Aside from the down time that I had to use to swap the hard drives, the logical volume was usable throughout the resynchronization and resizing process. This was impressive. However, now I have to take the volume offline by first umount the volume and changing it to inactive status.
sudo lvchange -an /dev/airvideovg2/airvideo
Note that I had stop the smbd and other services that was using the volume before I can unmount it.

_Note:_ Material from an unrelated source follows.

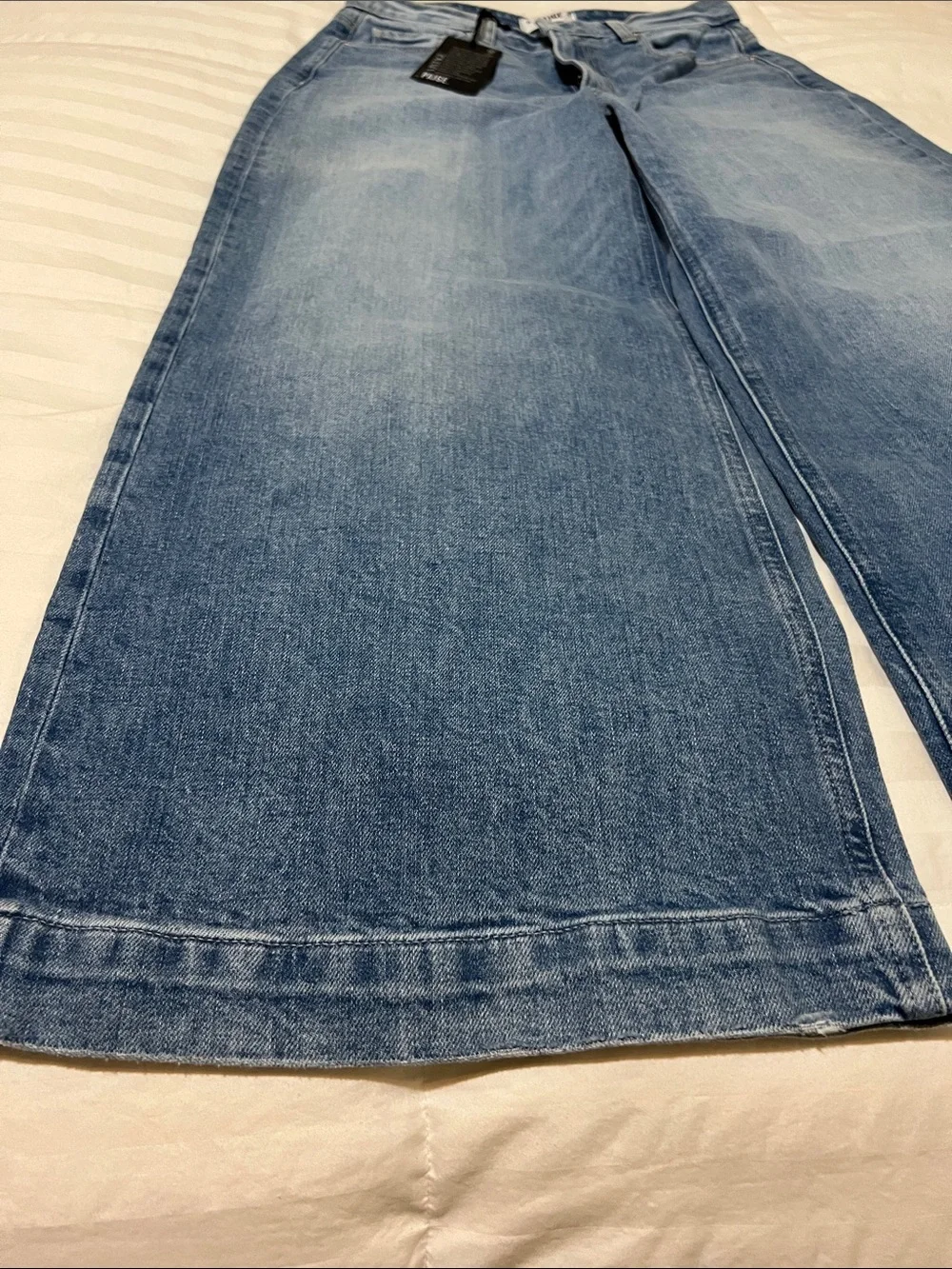 PAIGE Harper Wide-Leg Jeans in Medium Blue - Picture 11 of 17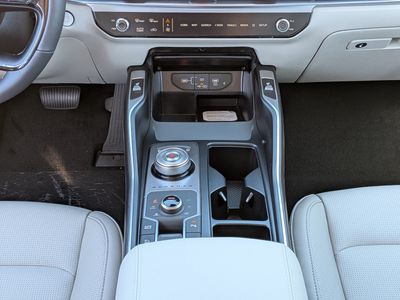 2026 Kia Sorento Hybrid - Photo 25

The last step is to resize the file system of the logical volume, but before I can do that I was forced to perform a file system check.
e2fsck -f /dev/airvideovg2/airvideo
resize2fs -p /dev/airvideovg2/airvideo
I rebooted the machine to ensure all the new configurations held, and voila I upgraded my 8TB network attached storage to 10TB! Okay it was not super simple, but the upgrade process was pretty simple and painless. The down time was minimal. The LVM and mdadm guys did a really good job here.